⟨

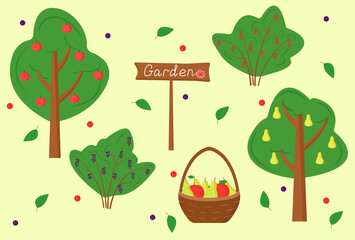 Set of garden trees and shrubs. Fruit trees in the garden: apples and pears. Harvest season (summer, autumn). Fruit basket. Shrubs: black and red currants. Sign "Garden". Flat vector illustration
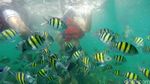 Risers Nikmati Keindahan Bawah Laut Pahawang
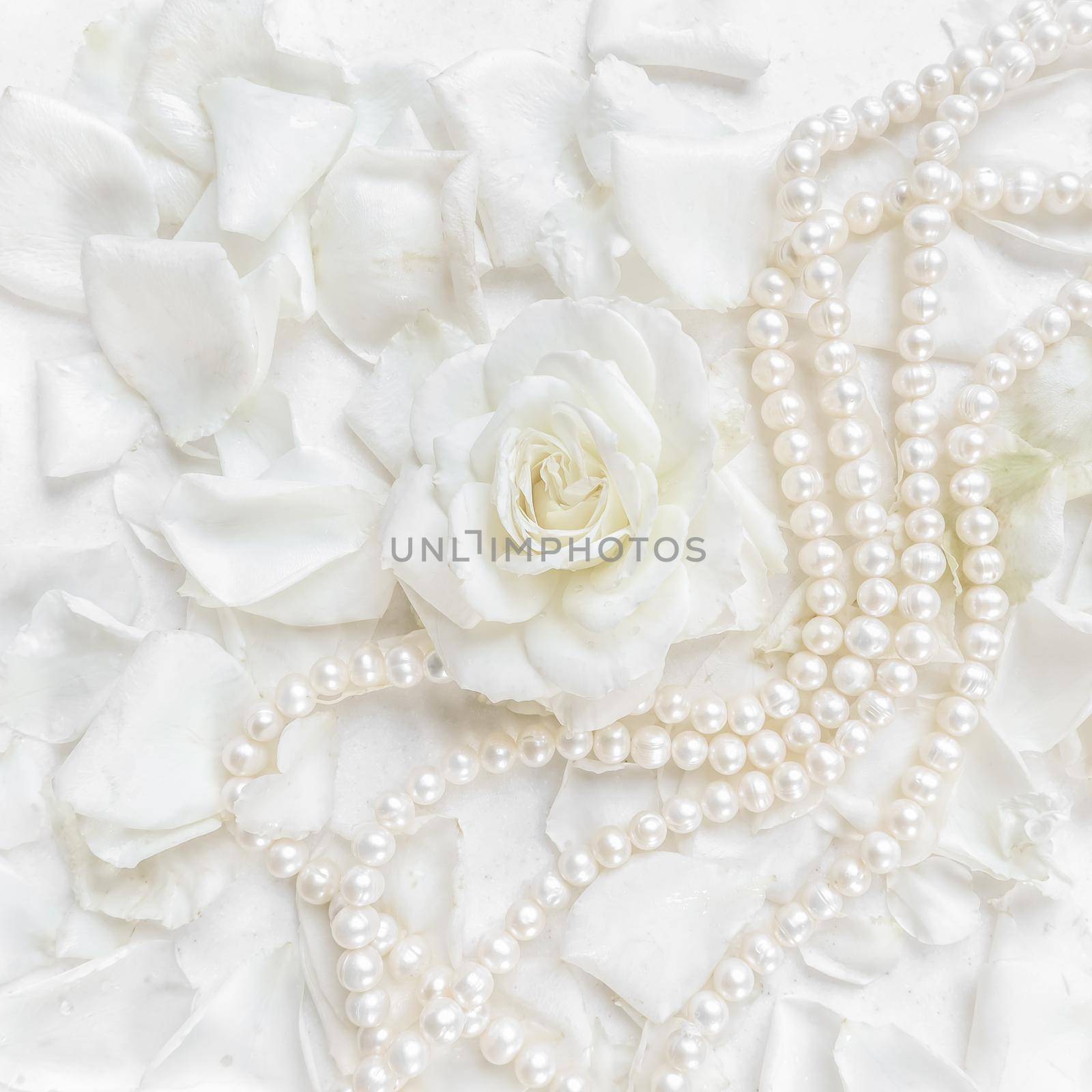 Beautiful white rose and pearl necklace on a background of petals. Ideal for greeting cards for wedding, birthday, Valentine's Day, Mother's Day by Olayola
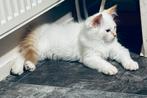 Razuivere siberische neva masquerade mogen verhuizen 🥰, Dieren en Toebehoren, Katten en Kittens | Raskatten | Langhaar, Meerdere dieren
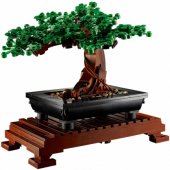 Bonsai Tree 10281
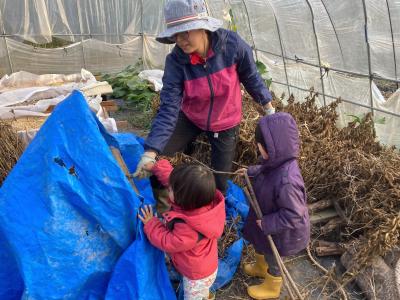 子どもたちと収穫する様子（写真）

⟩

Problem requirements:
Beginning with the line that includes "Razuivere siberische neva" and ending with the last line of the material, reproduce those lines exactly and nothing else, with no pictures.

Result:
 Razuivere siberische neva masquerade mogen verhuizen 🥰, Dieren en Toebehoren, Katten en Kittens | Raskatten | Langhaar, Meerdere dieren
 Bonsai Tree 10281
 子どもたちと収穫する様子（写真）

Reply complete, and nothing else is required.